PROBLEM REQUIREMENTS: Leaving out the pictures, please retype each record exactly.

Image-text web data
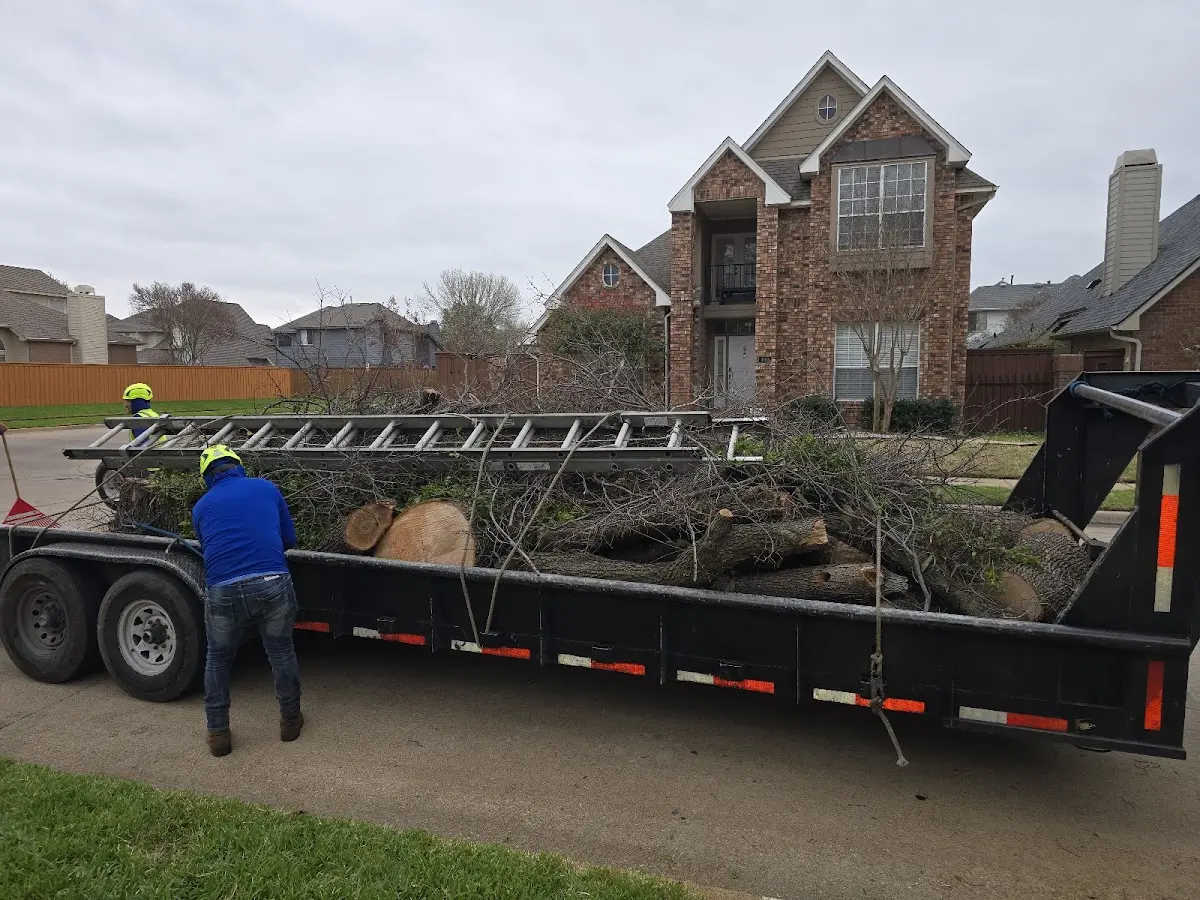 Expert Tree Pest Control with proper safety equipment in Central Valley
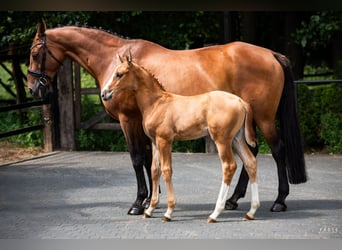 Caballo deportivo polaco, Semental, Potro (06/2026), Alazán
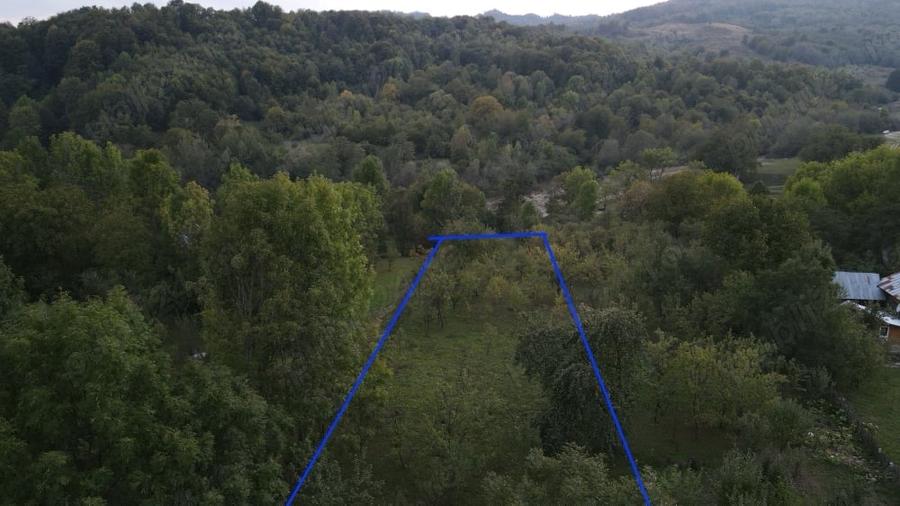 Teren de 2200 mp, în Adunați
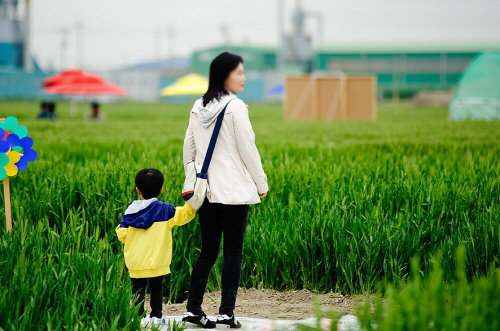 군산 꽁당보리축제 20190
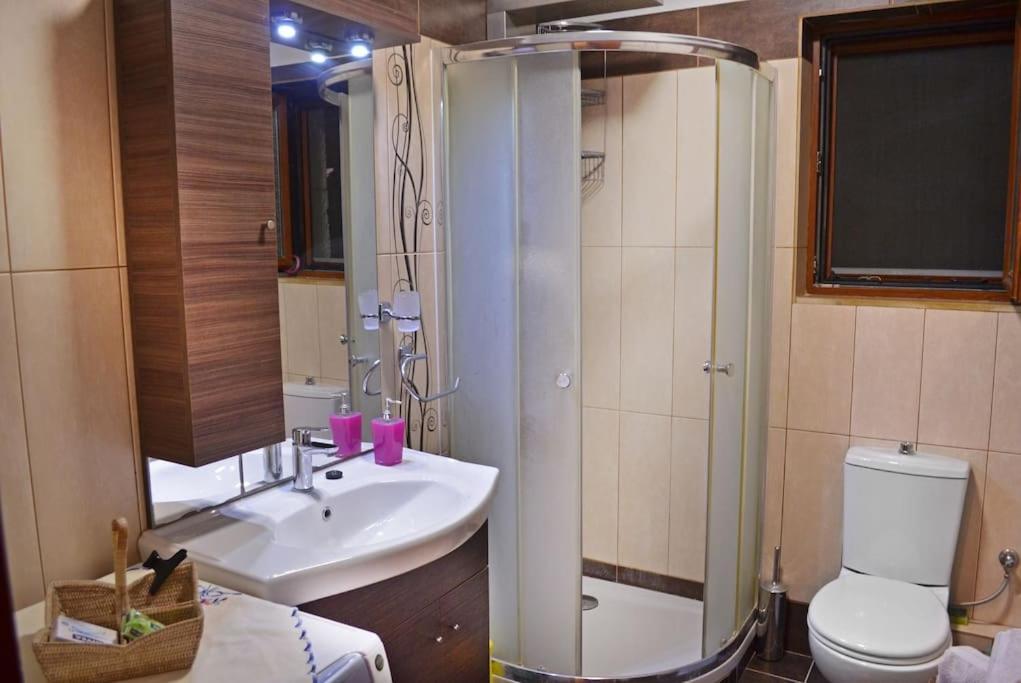 Apartamento Το Πετρινο - Καλοκαιρινό Σπίτι Κοντά Στα Σύβοτα - Φασκομηλια Faskomilia Exterior foto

WRITTEN RESPONSE:
 Expert Tree Pest Control with proper safety equipment in Central Valley
 Caballo deportivo polaco, Semental, Potro (06/2026), Alazán
 Teren de 2200 mp, în Adunați
 군산 꽁당보리축제 20190
 Apartamento Το Πετρινο - Καλοκαιρινό Σπίτι Κοντά Στα Σύβοτα - Φασκομηλια Faskomilia Exterior foto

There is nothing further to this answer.